Im in my early 40s married my wife when her son from x was about 2. Now he is 9 and we have three beautiful girls together...5, 2 and 2.

I never really felt real love for my ss and after the birth of my first girl it has gone downhill since. He is generally a decent kid. He's a quitter like his dad and likes to take advantage of his 5 yo sister all the time...he was raised in front of the TV for about 6 to 8 hours a day for his first 4 years so imo that is why he has no ability to play make believe, pretend, no imagination....just wants to either do something hyper or sit around like a bump on a log. Like i said, generally a decent kid but not mine and doesnt have the traits or interests that my girl has and her little sisters will have. Without going into details this is at the heart of why I dont really care about him too much. Besides that, his dad is a loser always quitting his job, not paying his x her support and we take on the majority of support for my ss.

My wife likes to live in a fantasy world as if she did not have a previous husband and her son is not a step son to me and I should love and care and have feelings for him just like I do my girls. She instructed him to call me dad from a young age.

Its a major fight if i discipline the ss in any way or even so much as ask him to do something like make his bed. Its perfectly ok for me to do this with my daughter of course. All hell would break loose if I actually admitted that i care a LOT less for the stepson than my own bio children. So, am I to just go through life hiding these feelings ?

I love my wife and daughters to death but christ if I had to do it all over again I would Never ever ever marry someone with kids and an xh.

New second wife-step-mom's picture

I agree with Cheri on this one.

One thing that has me confused is that she wants you to be "Dad" and she wants the child to call you Dad but will not allow you to correct the child even to the point of telling him to make up his bed. :?

meegwell's picture

Great points. Im shutting the fark up and living with it. I've read a lot worse problems around here.

New second wife-step-mom's picture

Tell her if the boy is going to call you dad, you should have all the rights and priveleges of a father which includes discipline. If she disagrees, then tell her that he's her son then, he's her problem. You'll take care of the girls but the boy is not your concern except when he affects your daughters.

^^^^ THIS.

amber3902's picture

I agree with the posters who say that your wife is trying to get you to replace her son's father. Like the others have said, I would keep your feelings about your SS to yourself. Maybe the reason you feel the way you do about your SS is because you resent the fact that his father is not there to handle his responsibilities, i.e. CS.

You don't have to love your SS, but maybe in time you can care for him, the way you would a nephew, or the child of one of your friends.

It's interesting to note that one of the reasons you don't like your SS is because you say he has no imagination and all he does is watch TV all day. Hmmmmm, who was it that sat him down in front of the TV all day? The same woman you choose to have children with.

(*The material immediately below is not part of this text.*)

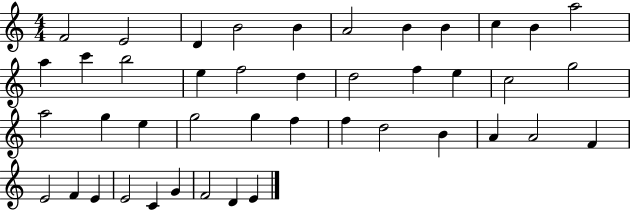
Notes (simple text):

Maybe if you stop trying to see the father's traits in your SS and start trying to see some of your wife's traits in him, you might actually be able to enjoy him a little more. Also, you and your SS have something in common that you will not have with your daughters - baseball, football, soccer, woodwork, auto mechanics, motorbikes, fishing, camping, etc. etc. - get the picture?

It's not too late to start developing a relationship with a boy that just might benefit from a male role model.

oldone's picture

Even I have never come out and told DH that I don't like his son. I don't hate him but he's just a pathetic drunk bum. What's to like?

All DH has said is that he wants to be "accepted". I have no clue what that means and haven't bothered to ask. I do not forbid him to come over - but I don't invite him either.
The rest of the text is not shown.